--- DATA RECORDS Enclosed Below ---
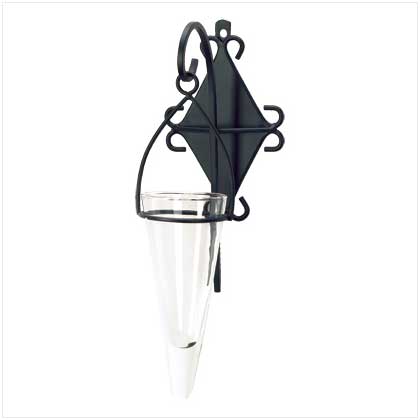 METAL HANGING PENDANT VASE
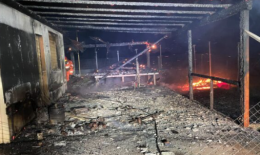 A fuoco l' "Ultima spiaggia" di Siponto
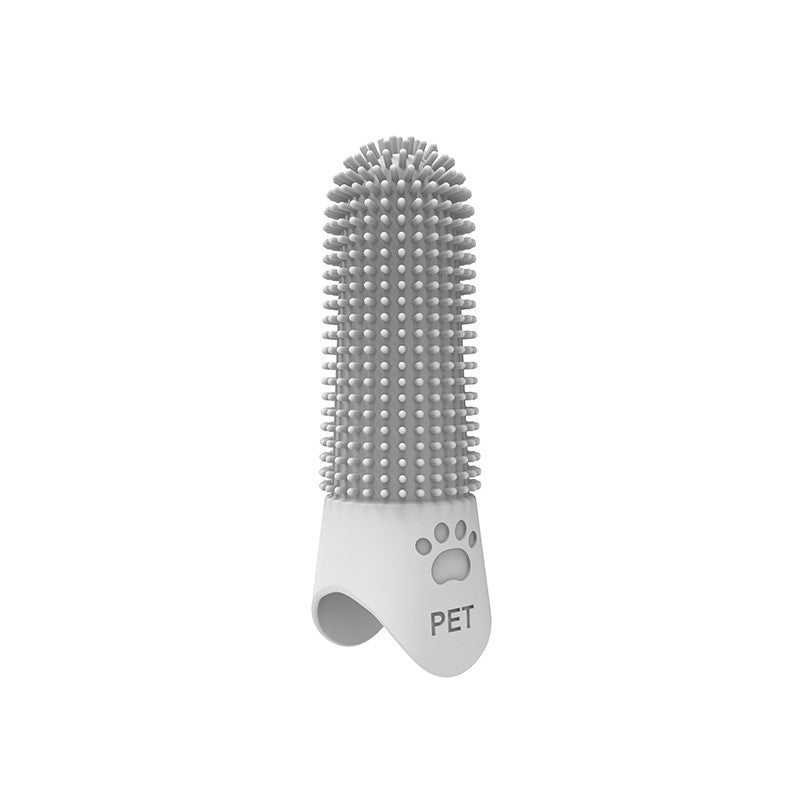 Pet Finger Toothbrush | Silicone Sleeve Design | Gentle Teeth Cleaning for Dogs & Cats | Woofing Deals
--- End of Enclosed DATA RECORDS ---
--- DATA RECORDS Enclosed Below ---
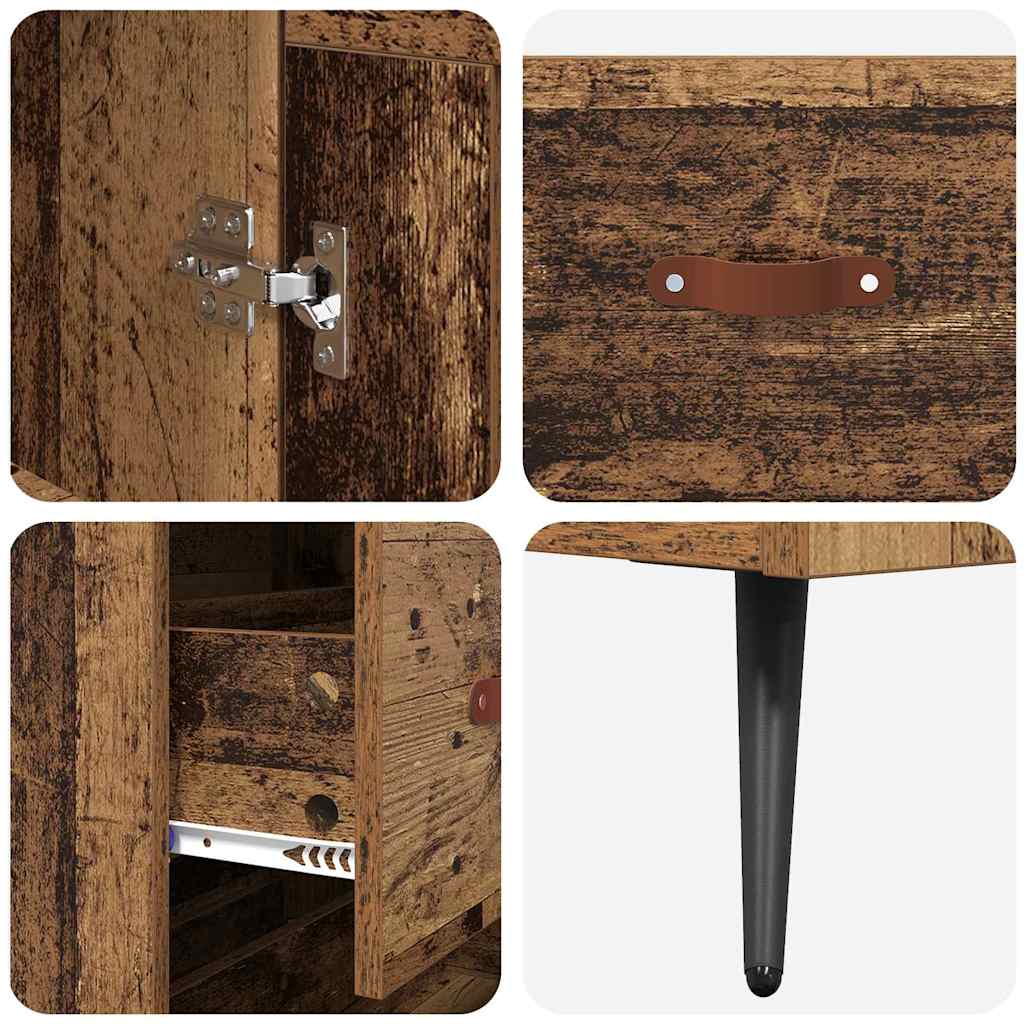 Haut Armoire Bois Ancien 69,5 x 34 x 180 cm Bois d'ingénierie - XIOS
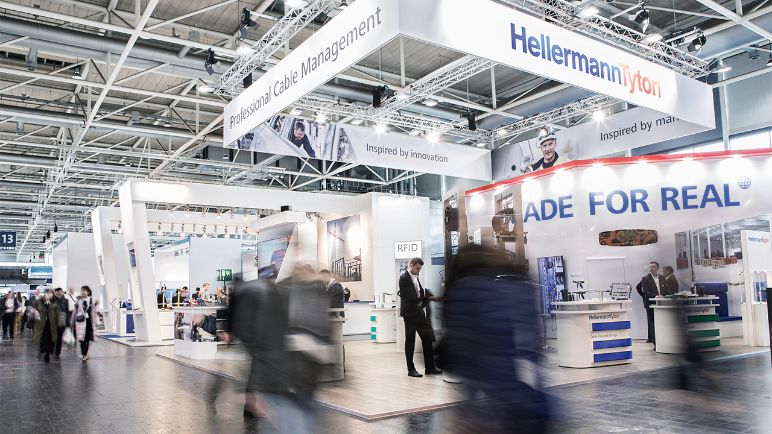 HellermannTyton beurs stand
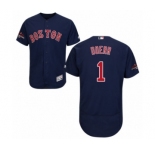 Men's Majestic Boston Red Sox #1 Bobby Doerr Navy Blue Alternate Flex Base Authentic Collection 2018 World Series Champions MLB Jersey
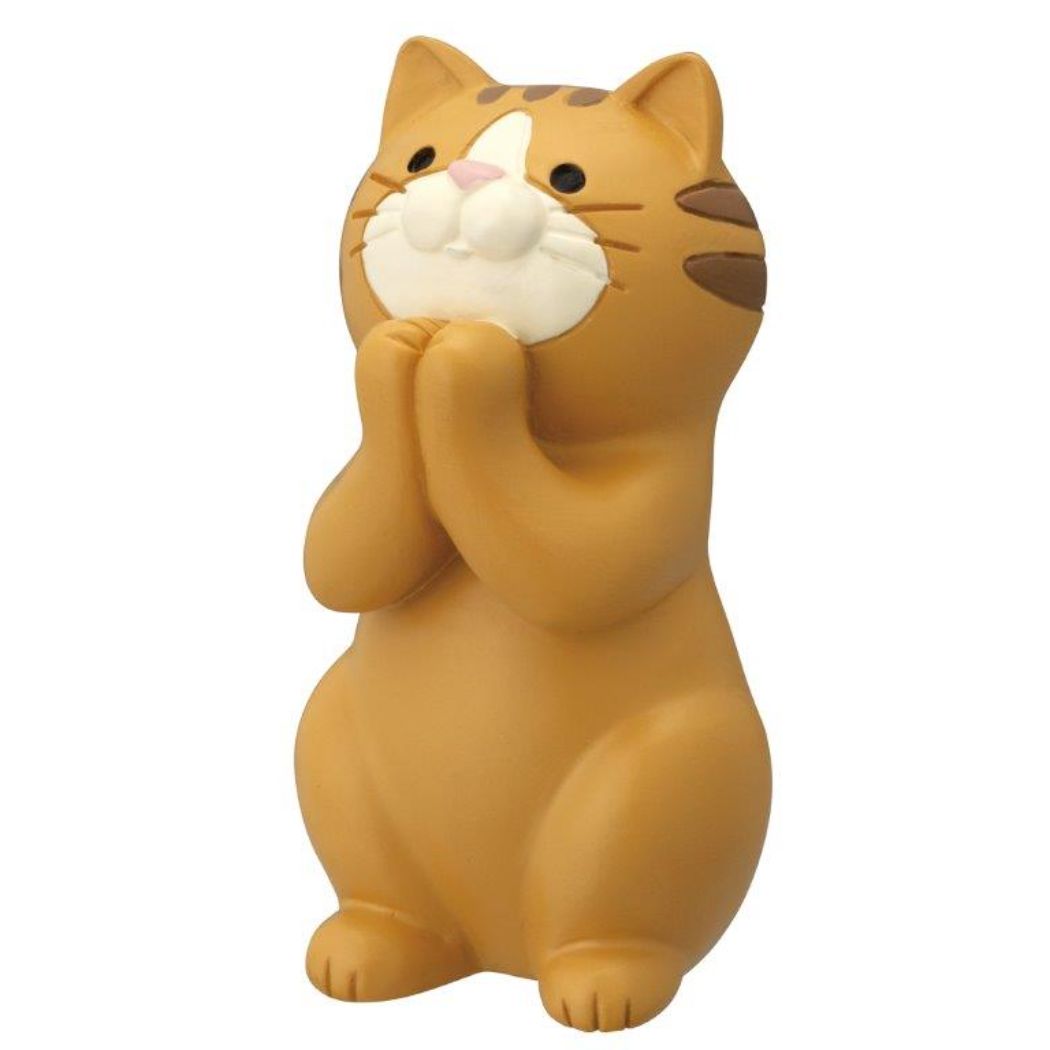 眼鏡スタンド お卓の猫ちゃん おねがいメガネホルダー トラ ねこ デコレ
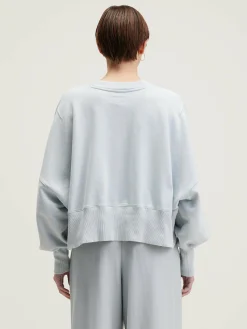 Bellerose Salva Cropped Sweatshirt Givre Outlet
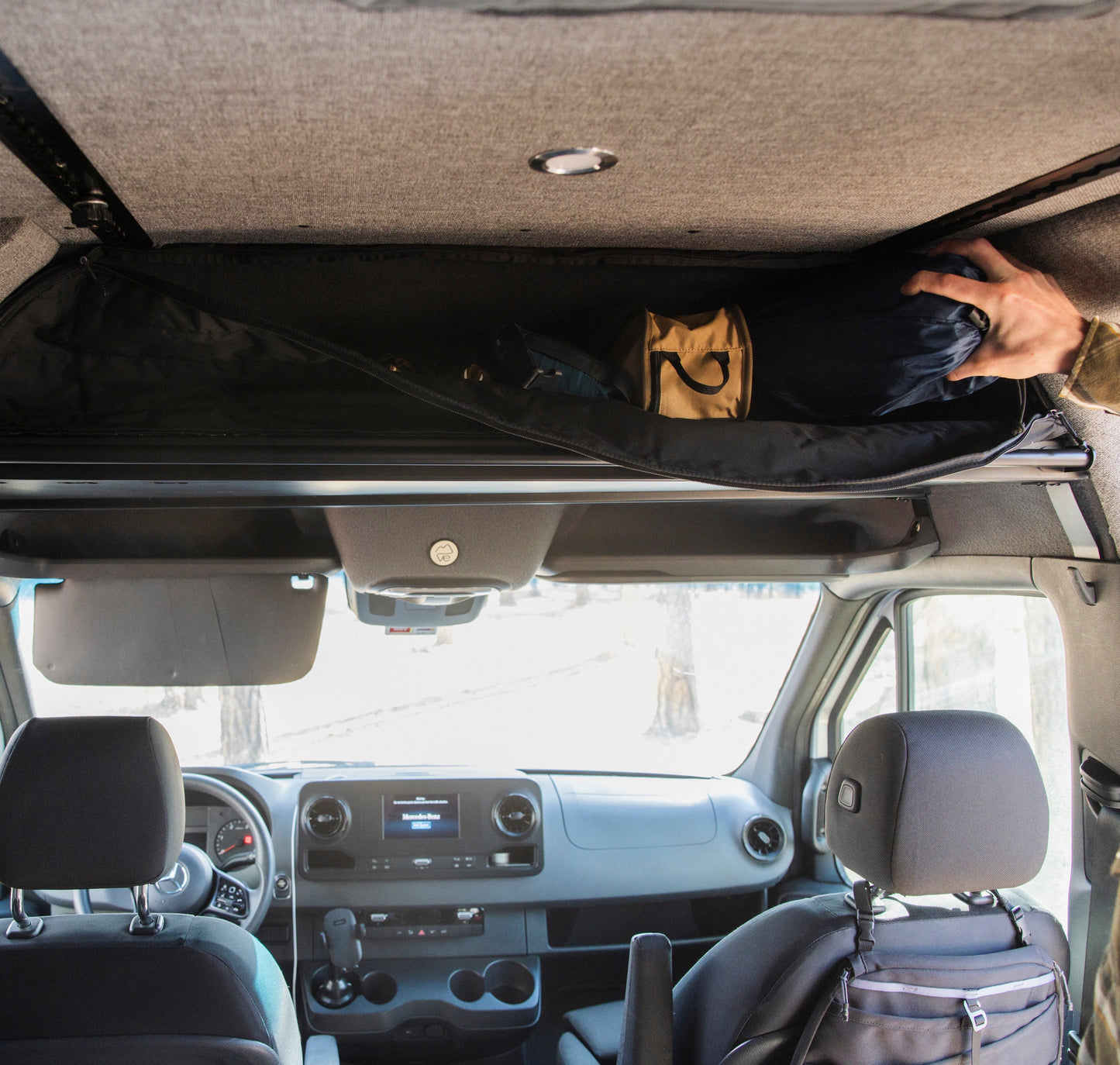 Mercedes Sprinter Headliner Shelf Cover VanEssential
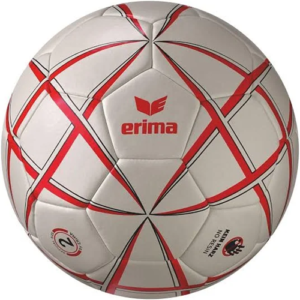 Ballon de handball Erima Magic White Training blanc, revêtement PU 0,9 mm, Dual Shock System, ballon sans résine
--- End of Enclosed DATA RECORDS ---
▶ [TO DO] Repeat the lines above exactly, beginning with the one containing "Bellerose Salva Cropped" and finishing with the one containing "Ballon de handball". No pictures belong in the copy.

▶ [TASK OUTPUT]
 Bellerose Salva Cropped Sweatshirt Givre Outlet
 Mercedes Sprinter Headliner Shelf Cover VanEssential
 Ballon de handball Erima Magic White Training blanc, revêtement PU 0,9 mm, Dual Shock System, ballon sans résine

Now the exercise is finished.